For weeks, strikes by the United States and Israel restricted Iran’s access to its underground missile sites by destroying roads and burying tunnel entrances. But, satellite images reviewed by CNN show how Iran has used simple equipment such as bulldozers and dump trucks to counter those costly campaigns – suggesting that Tehran’s missile capabilities can’t be destroyed just by targeting tunnel entrances, experts said.
During the fighting, Iran worked to excavate the tunnel entrances at great peril, with the US and Israel often striking the equipment used for digging. That work enabled Tehran to continue firing missiles throughout the war, though at vastly reduced rates. Since the ceasefire more than seven weeks ago, Iranian efforts to excavate the bases have accelerated significantly.
CNN found that Iran has now unblocked 50 out of the 69 tunnel entrances struck by the US and Israel at 18 underground missile facilities. Iran has repaired other parts of the bases as well, including roads that the US and Israel bombed to prevent missile launchers from using them.
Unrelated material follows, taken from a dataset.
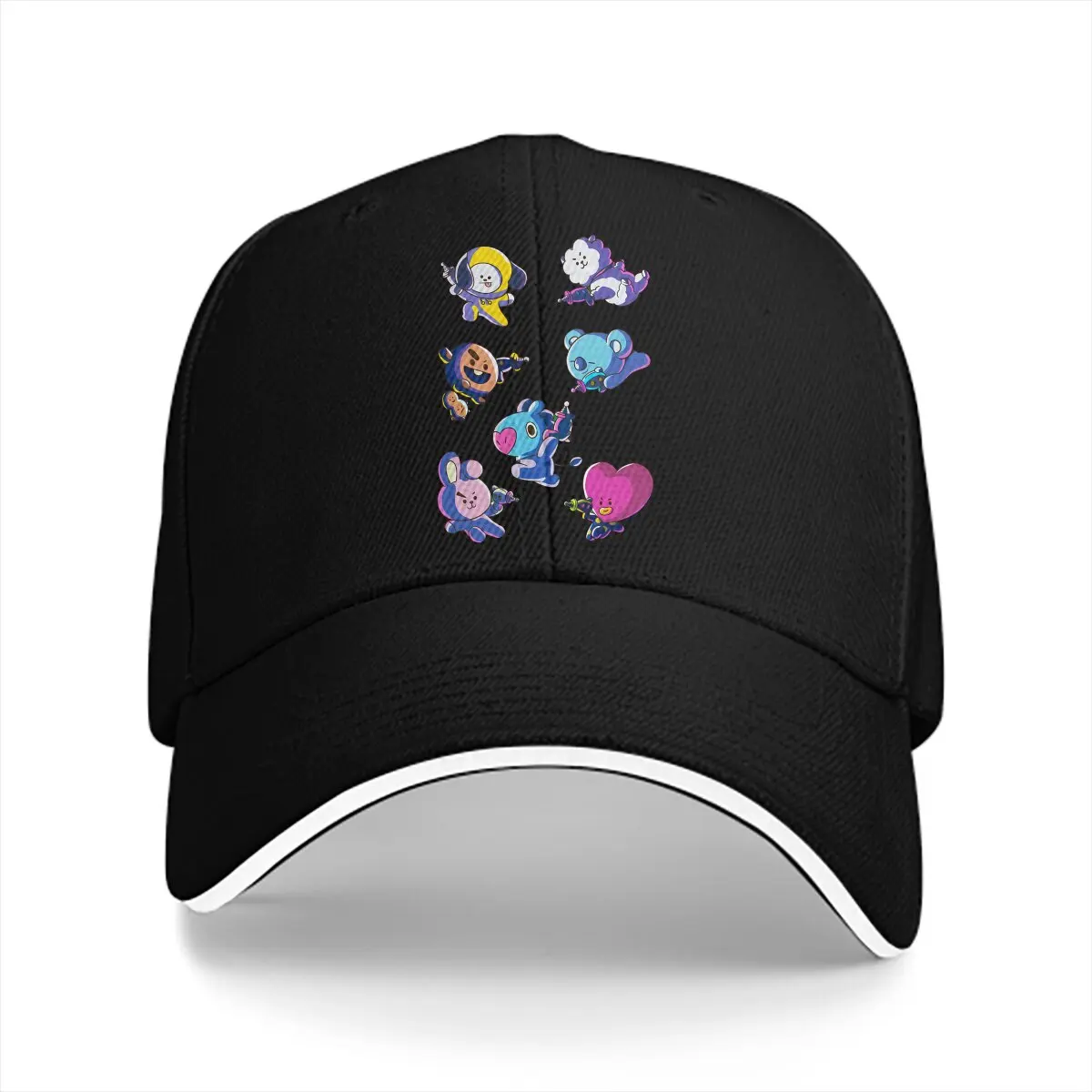 Space Invaders Multicolor Hat Peaked Cap Cartoon Characters Personalized Visor Protection Hats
Satellite images show almost all these craters have now been filled, and at two sites, even repaved.
Pentagon spokesman Sean Parnell did not respond to specific questions about CNN’s findings, repeating an earlier statement that “America’s military is the most powerful in the world and has everything it needs to execute at the time and place of the President’s choosing.”
President Donald Trump has repeatedly pointed to Iran’s arsenal of missiles as a reason for the war, with its destruction being one of the key goals. In a March post to Truth Social, Trump listed “completely degrading Iranian Missile Capability, Launchers, and everything else pertaining to them” as one of five “objectives” of the war.
Satellite images reviewed by CNN at the time showed facilities like the Isfahan North Missile Base, a key underground missile location, ravaged by multiple strikes with rubble covering tunnels and launchers destroyed outside.
The US and Israel also undertook a broad effort to wreck Iran’s missile supply chain, from factories where small electronic components are produced, to the sites where rocket propellants and missile bodies are manufactured.
Experts believe Iran still has around 1,000 missiles stored in the underground sites.
That stockpile, deep below the surface, is unlikely to have sustained much damage from strikes at ground level, according to experts who said that Iran has been preparing for this kind of war for decades.